Marriage is a contract. Once you get married you have either wittingly or unwittingly agreed to a host of legal terms of a contract. The terms of this contract can even change because the laws change or even because people move to a different state. Very often, people aren’t even aware of these terms until they seek a divorce.
When parties seek a divorce, they are essentially entering into a new contract. For decades, the terms of divorce were directed by state laws and then agreed upon by the parties involved in the divorce or decided by a third party (such as a judge) when an agreement could not be met. But the key point is that the terms agreed upon were dictated by state law.
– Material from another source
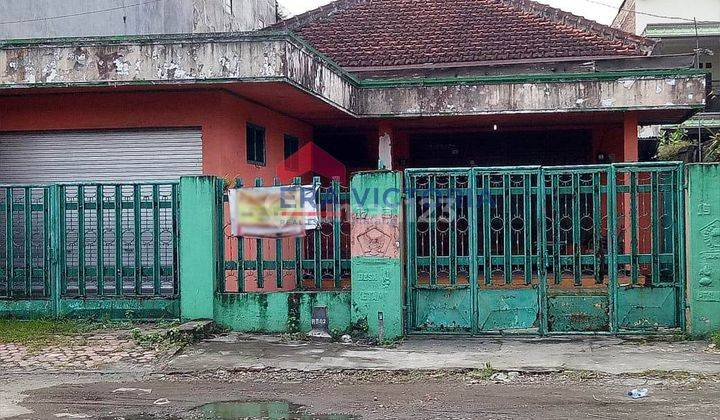 Rumah DIJUAL di Ds Ketami Pesantren Kota Kediri Lokasi sangat strategis, cocok untuk dipakai usaha apapun, dilengkapi pagar keliling 1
The legal system is an adversarial system. The concept is that, if each party to a legal action is represented by competent counsel who argues and fights for that party’s legal rights, the parties will meet somewhere either through negotiation or court ruling. The assumption is that when the parties meet, it will be equitable.
Apply that to a divorce proceeding. Yuck.
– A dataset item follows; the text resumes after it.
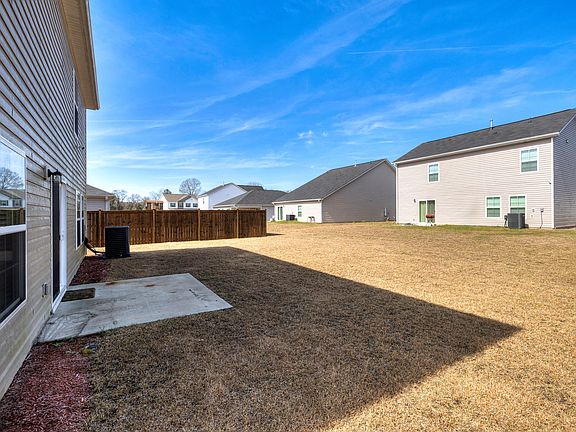 2nd image of 1919 Barnhart Dr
In 1990, Stuart Webb of Minneapolis started a new process of divorce called Collaborative Divorce. Mr. Webb recognized that some divorce attorneys had already discovered that using the adversarial system to reach the goals in divorce seemed counter-intuitive. He asked the question, “What if we could get these attorneys together and AGREE not to be adversarial?”
Perhaps as important, this working together to achieve goals opens the door to ignoring those one-size-fits-all terms that state legislators have deemed appropriate, and finding custom-fit terms to your unique life. You do not have to have the terms of their divorce, indeed terms that shape their daily lives, dictated by others. You do not need to label their parenting status according to state statutes. You do not need to be bound by a Child Support Calculator to determine the amount they need to provide monthly for the care of their children.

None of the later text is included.